Ce qui m’a énormément frappé, moi qui ai vécu dans plusieurs pays d’Afrique avant de me fixer dans mon lieu de résidence actuel : la rareté des bars, restaurants et autres lieux de socialisation et de rencontre (mais peut-être n’avons-nous pas su les trouver). Quand même, on peut faire 2 h de marche dans Accra (quartier du marché, puis ville moderne des grands immeubles, puis front de mer) sans rencontrer ni un bar ni un restaurant ; seulement des vendeuses sur une table au coin de la rue qui font la bouffe (une bouffe strictement réduite à riz-poulet, et parfois riz-poisson, + bananes sous toutes leur formes) ; les gens mangent cela à la va-vite, debout sous le soleil, au milieu des gaz d’échappement.
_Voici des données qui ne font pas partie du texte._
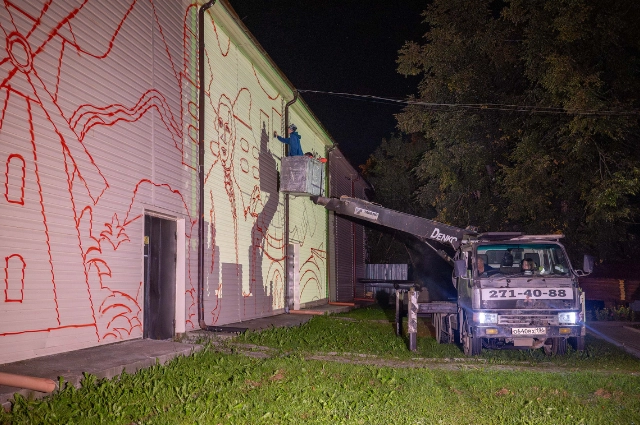 Ночь, улица, фонарь, Демидовы. В Бисерти художники создают историчный мурал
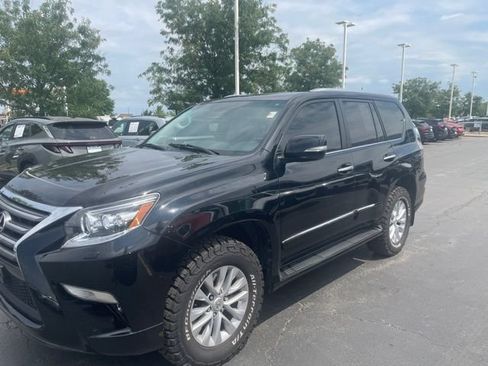 Used 2018 Lexus GX 460 Premium w/ Premium Package AWD/4WD image 5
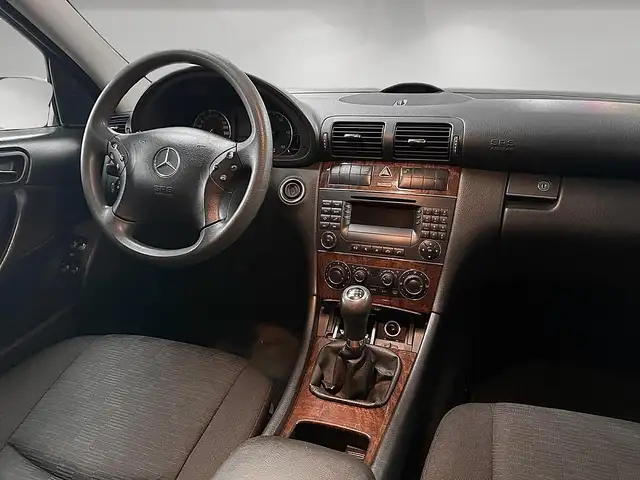 Mercedes-Benz C-Class view 10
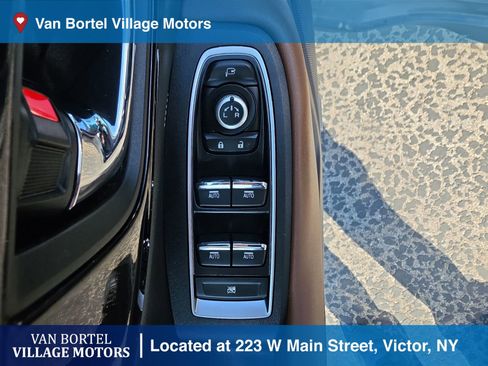 Used 2020 Subaru Outback Touring XT AWD/4WD image 12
On m’a indiqué qu’il fallait aller à Ozu, l’unique quartier d’Accra où l’on trouve restaurants, bars, discothèques et animation nocturne (ailleurs, c’est couvre-feu à 20h). Une journée à Ozu : j’ai dénombré 4 fast-foods et 1 restaurant chinois + 2 cafétérias de super-marché. Toute la bonne société ghanéenne, vêtue sur son 31, se répand aux fast-foods ; fast, pas tout à fait : on y attend son hamburger 40 minutes.
Pas mieux dans les autres villes de la côte que j’ai visitées : Cape Coast et El Mina.
Maintenant, je comprends mieux pourquoi nous recevons dans l’île de Sao Tomé de plus en plus de voyageurs venant du Ghana (expatriés et Ghanéens ayant les moyens) qui tombent en pâmoison en racontant qu’ils viennent de découvrir le paradis : ce ne sont pas seulement nos paysages spectaculaires, mais plus encore le fait qu’on rencontre de petits bars restaurants dans la capitale à peu prrès tous les 100 mètres ; qu’on ne peut pas traverser un village le soir sans voir les gens boire et danser sur la route ou sur une petite place publique ; que la cuisine créole est toujours savoureuse, et qu’on trouve , à des prix encore raisonnables, des restaurants d’une gastronomie raffinée et variée ; et une hôtellerie mieux tenue (à niveau de prix équivalent ; on a résidé dans des établissements modestes). Bref, malgré leur grande gentillesse, les Ghanéens nous ont paru, non seulement réservés (ce peut-être une qualité), mais un peu coincés ; et le pays, pas encore très qualifié en termes de services touristiques.
Bon au total, une expérience intéressante ! Mais pas un must touristique.